Marquis Mallia Tabone's Fabulous Farmhouse
A true jewel to behold, this historical farmhouse is nowadays run by the philanthropic society Talent Mosti and the bordering school's council — both of which have conducted incalculably beneficial work for the preservation and awareness of Maltese arts and culture.
The beautiful 17th century building was commissioned by the Mallia Tabone family and is one of the few untouched and unchanged traditional farmhouses in Malta. This beauty is nowadays used to house an eclectic range of admiringly impressive and culturally significant exhibitions that hone and cherish Maltese talent, artisan crafts, folklore, arts and traditions. Also found within this immensely important structure is a small museum which focuses on Maltese agrarian tools.
The Speranza Chapel
One of the loveliest chapels in Mosta, this splendid 18th-century beauty is bound to a well-known local myth. It is said that two young sisters from Mosta were out rearing sheep when a fleet of Ottoman vessels anchored in Malta for a clandestine ambush attack. While the eldest sibling managed to flee, the youngest one couldn't flee as fast due to a limp, meaning that she had to find a hiding place — and quickly. The girl slipped into a cavern and prayed with all her heart to Our Lady for preservation. While the girl was terrified and desperately begging for support, a gigantic spider weaved a thick, dense web at the cave's opening, making it impossible for the invaders to locate the girl. It is said that this spot is exactly where the Speranza Chapel was built. Other remarkable chapels in Mosta include St Sylvester, Santa Margherita, St Paul's Shipwreck and Santa Marija taz-Zejfi.

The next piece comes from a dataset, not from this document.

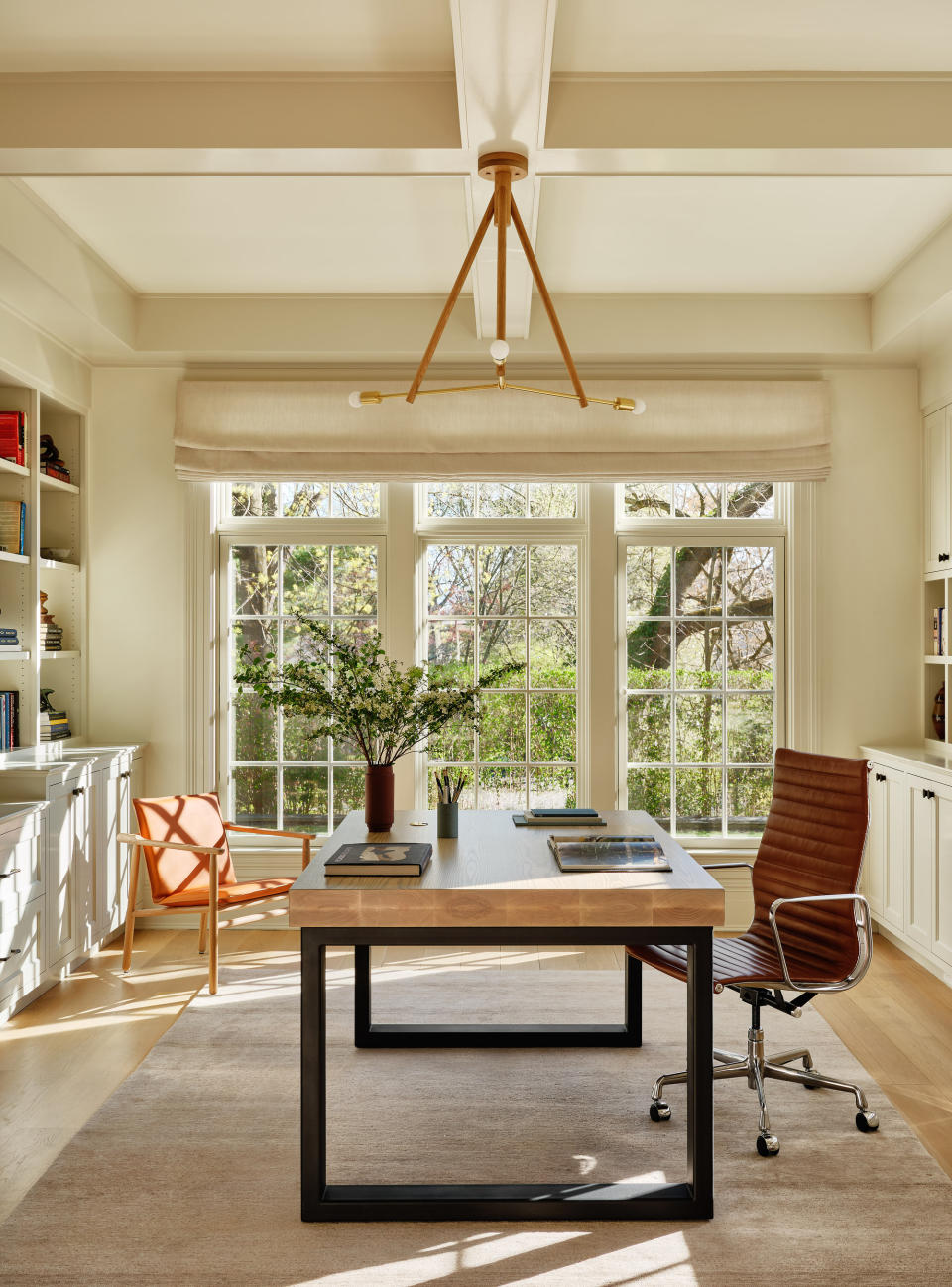 A small office with wooden flooring and greige high pile rug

The Legend Of St Paul The Hermit
Deep within the stunning wadi of Mosta, one can find a humble chapel situated in a large cave of sorts. Legend has it that a righteous hermit resided within this cavern. The hermit regularly visited the village and lectured the villagers, urging them to change their lascivious way of life. Brassed off by his preaching, the villagers one day pursued the hermit to the shore with the intent of stoning him to death. When cornered, the hermit laid his mantle over the sea and rode it into the horizon. Flabbergasted, the villagers learned that he was undoubtedly a saintly man, so they constructed a church within the grotto where he previously lived.
Mosta kept enjoying its popularity throughout the ages — even when the Maltese islands were claimed by the British. The Victoria Lines are the most famous fortifications found from that era.

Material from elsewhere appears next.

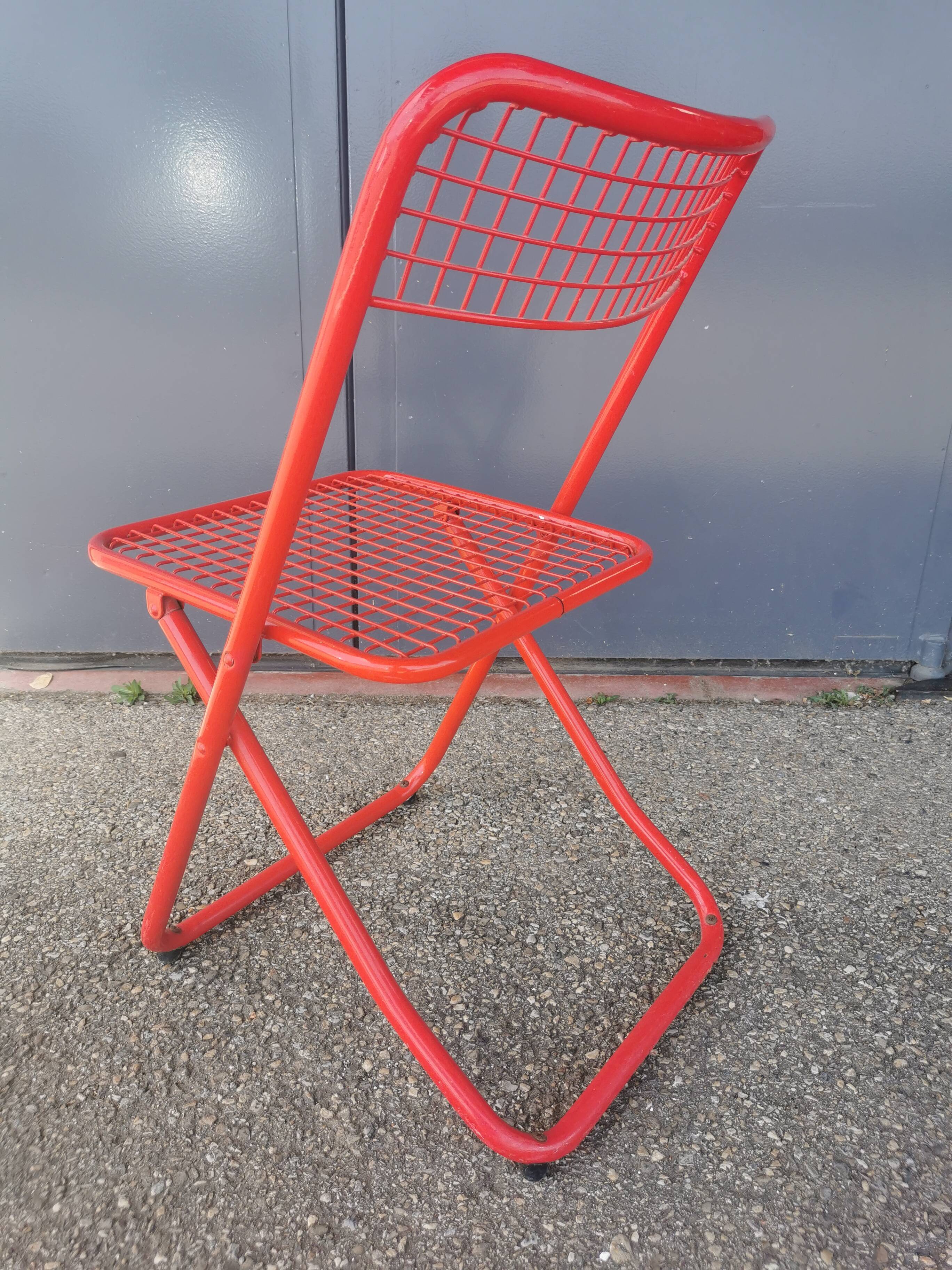 Vintage red metal folding chair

These defence lines span across Malta, from east to west, for a length of 12km and were built towards the end of the 19th century. Designed to safeguard the southern regions of Malta from invading forces, these lines include multiple forts, infantry lines, batteries and other means of defence. Fort Mosta, a central hub within the Victoria Lines, is one of Mosta's more well-known landmarks from the era.

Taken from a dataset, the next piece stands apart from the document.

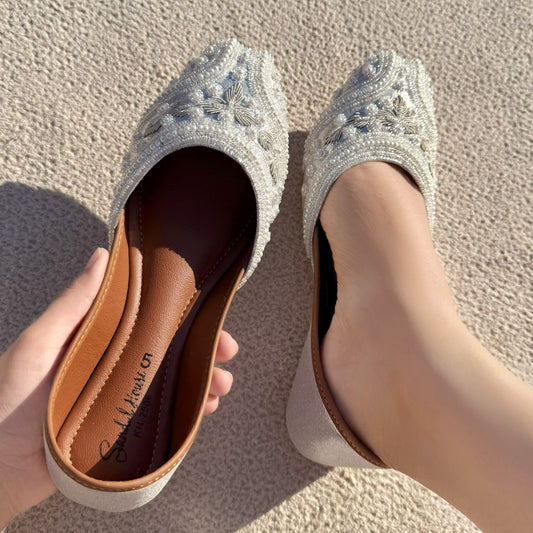 Silver embellished shoes with a brown insole held by a hand on a textured surface.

This impressive architectural feat is an unforgettable sight to behold, specifically due to its shape. This fort is still utilised for military purposes and holds within it the Roman catacombs mentioned prior in this article.
Parts of the Victoria Lines are also situated close to L-Gharusa tal-Mosta Garden, along with a nuclear shelter built during the Cold War.
Nowadays renowned as a popular shopping spot and a great stop for those looking to get delicious coffee, a quick tour around this historically-rich village is a surefire way to fall in love with Mosta's beauty and rich history.